In July-October 2017, the European Union took a number of important steps that could significantly enhance its capabilities in the field of cybersecurity. Firstly, it is a decision to establish a new Cybersecurity Agency in the European Union. Secondly, this is the holding of the first cyber-exercises in the history of the EU. Thirdly, it is the holding of an EU summit dedicated to the problems of the digital environment and the adoption of the «Tallinn Declaration» on e-government.


Establishment of the EU Cybersecurity Agency

 On September 19, 2017, the European Commission proposed the establishment of the EU Cybersecurity Agency in the EU, which is intended to assist EU member states and their cybersecurity partners [1]. The new Agency will be formed on the basis of the European Agency for Network and Information Security functioning in Greece (ENISA). The staff of the new Agency will be increased from 84 to 125 people, and the budget is increased from € 11 million to € 23 million.

The Cybersecurity Agency will receive a permanent mandate to assist the Member States in preventing and responding to cyber attacks. The EU’s readiness for cyber attacks will be enhanced through annual cybersecurity exercises and the organization of effective data exchange. This will help implement the Directive on the Security of Network and Information Systems [2], which contains obligations to report to national authorities in the event of serious incidents.

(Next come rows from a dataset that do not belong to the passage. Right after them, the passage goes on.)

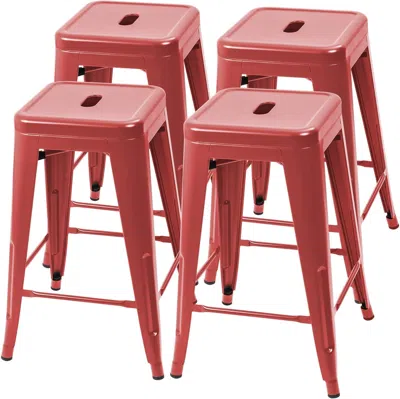 Quikfurn Set Of 4 - 24-in. Indoor/outdoor Backless Stacking Red Metal Barstools In Pink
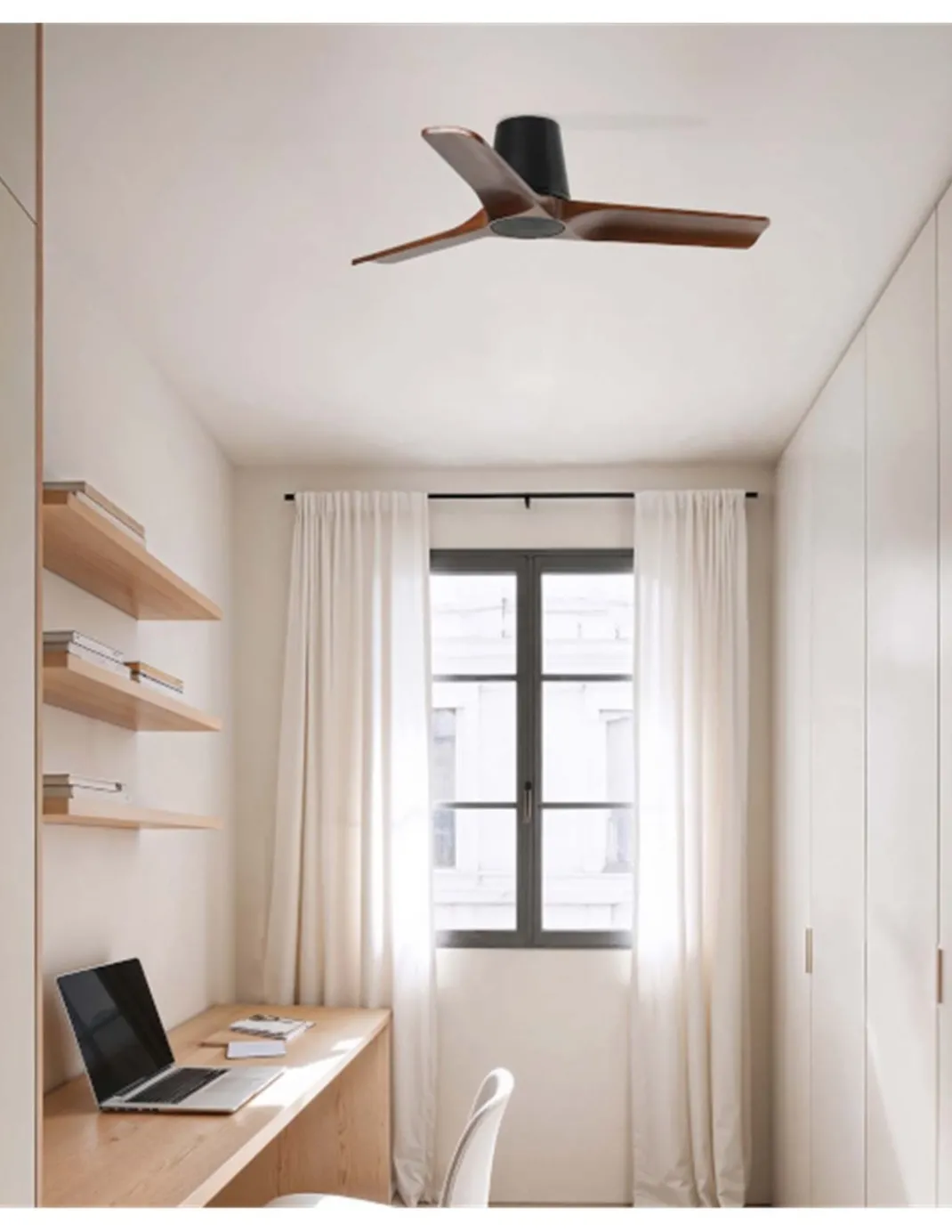 Ventilador de techo sin luz Heywood Tub S - Faro - Palas FSC de nogal, motor DC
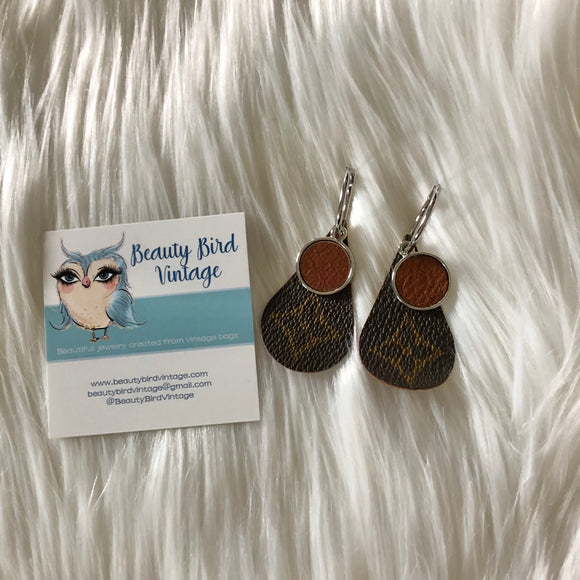 Upcycled Louis Vuitton Snakeskin and Leather Earrings – Red Bison Home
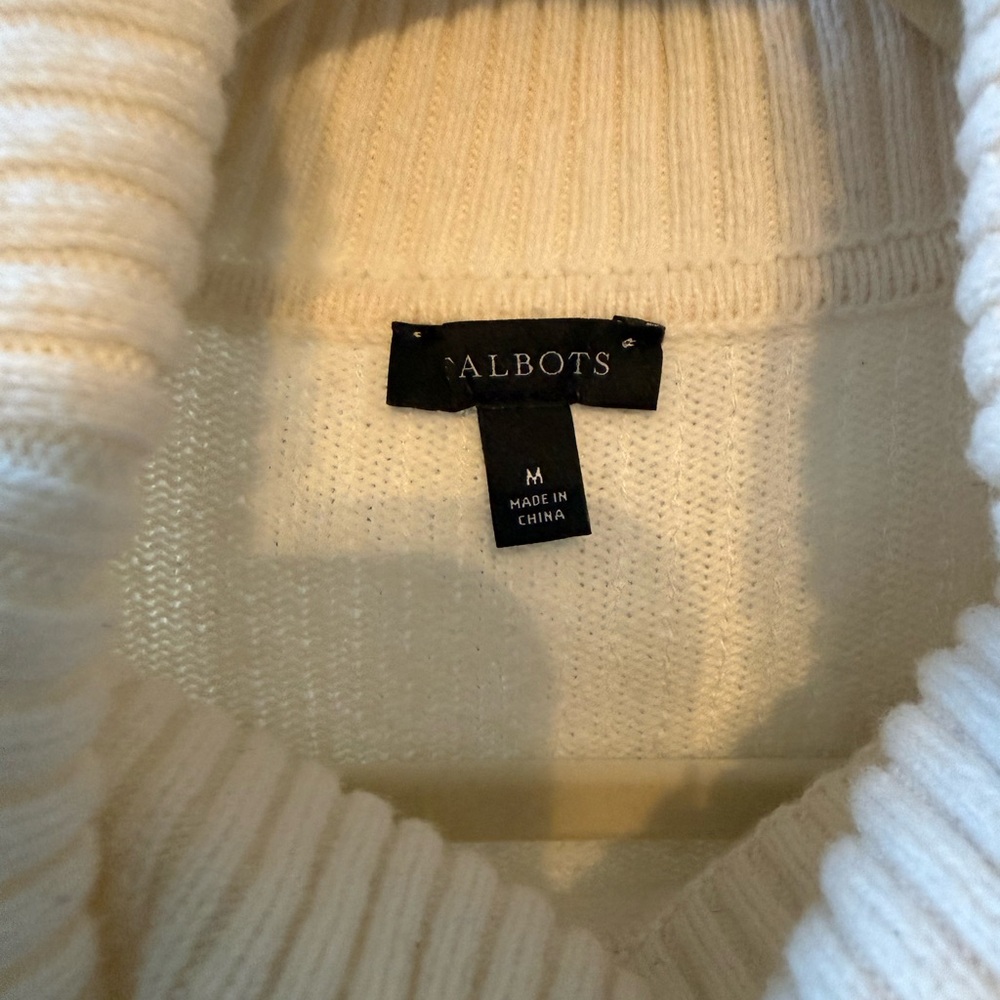 Talbots Cream and navy Striped Sequin Sweater - Picture 4 of 12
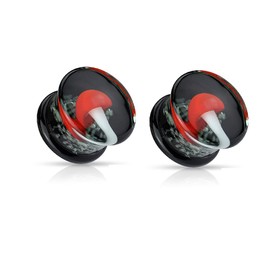Pierced Owl - Pyrex Glass Red and White Mushroom with Black Glow in the Dark Sparkle Background Double Flared Plug Gauges, Sold as a Pair, pyrex glass, no gemstone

In addition, a new EU-wide certification framework will be created, which will ensure the safety of the use of goods in the digital environment. These certificates should help European consumers recognize whether the products they plan to purchase are in compliance with European safety standards.

To strengthen the EU’s cybersecurity potential, the European Commission proposes the following measures:

  • to establish a European Cybersecurity Research and Competence Center that will help develop and implement the tools and technologies needed to keep pace with the ever-evolving threats in cybersecurity;
  • to consider, in the future, the possible establishment of a new Emergency Response Fund in cybersecurity for those Member States that have responsibly carried out all the cybersecurity measures required under EU law;
  • to create in 2018 a platform for training and education in the field of cyber defense while the EU and NATO will jointly promote research and innovation cooperation in the field of cyber defense;
  • to strengthen the EU response to cyber attacks by introducing the Framework for a Joint EU Diplomatic Response to Malicious Cyber activity, supporting a strategic framework for the prevention of conflicts and stability in cyberspace;
  • to create more effective criminal legislation designed to identify, monitor and prosecute cybercriminals, etc. [3].


The first cyber defense exercise in the history of the European Union

On September 7, 2017, in Tallinn, the first in the history of the EU strategic cyber-games «EU CYBRID 2017», intended for the highest political leadership were held. The organizers of the exercise were Estonia’s presidency in the EU and the European Defense Agency. NATO Secretary General Jens Stoltenberg attended the exercise as an outside observer [4]. During the cyber-training, the defense ministers got acquainted with the consequences of cyber attacks on the EU and learned how to react politically to such incidents. According to the scenario of the exercises, the EU military structures were attacked in two directions: the EU headquarters in Brussels and industrial facilities in the territories of the member countries of the organization. The aggressor was a certain pseudo-democratic state of Froterra, which does not support Western values ​​and has weak opposition within the country. Experts noted that a day before the «EU CYBRID 2017» in Helsinki, the European Centre of Excellence for Countering Hybrid Threats opened, which should become a gathering point for the scientific achievements of three think tanks engaged in the study of information wars:  Cyber Defence Centre of Excellence in Estonia, the Strategic Communications Centre of Excellence in Latvia and the Energy Security Centre of Excellence in Lithuania [5].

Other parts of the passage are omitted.